Catch-and-release fleece

My brother-in-law, Dave, hunts pheasant and deer. A week before hunting season, a gigantic new store for outdoorsman opened, and Dave took me along for a quick shopping trip. The store looks like one of those giant rustic log hotels you see in the national parks. It is made out of immense peeled logs, 60 or 70 feet long, as thick around as one of the oddly, prissily clean, brand spanking new pick-up trucks in the parking lot. The building almost screams “Teddy Roosevelt Slept Here,” except for the fact that it was obviously built yesterday. The testosterone is still wet.

Massive, 12-point deer heads hang along either side of the main aisle, which leads to 40-foot-tall manmade mountain in the center of the gigantic store. Climbing the mountain is a mini Noah’s Ark of stuffed animals from raccoon to grizzly, from big-horned sheep to a giant sloth. It had everything except Bigfoot.
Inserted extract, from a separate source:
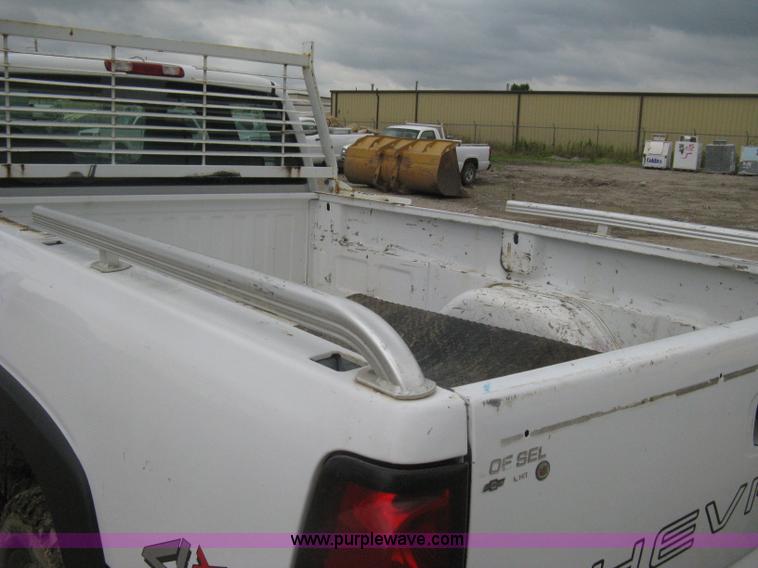 image for item H5404 2006 Chevrolet Silverado 2500HD Ext. Cab pickup truck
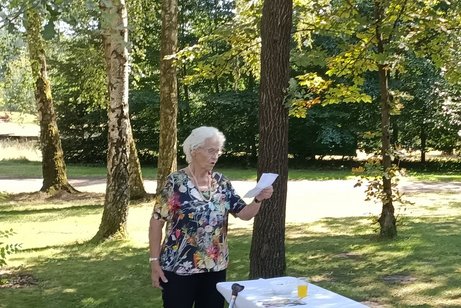 Christa Schampatis mit ihrem musikalischen Beitrag zum Beginn der Veranstaltung.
“Why is it that being stuffed and mounted is good enough for a grizzly, but not good enough for, say, grandpa?” I asked Dave. “I miss the old guy, but I’ve never visited his grave. Now I’m thinking, why did we spring for a stone when for the price of a mid-range coffin we could have had him stuffed and put in the TV room? I think he’d go as well with our dÇcor as any stuffed elk or mountain goat.” Dave said nothing. He has learned not to listen to me.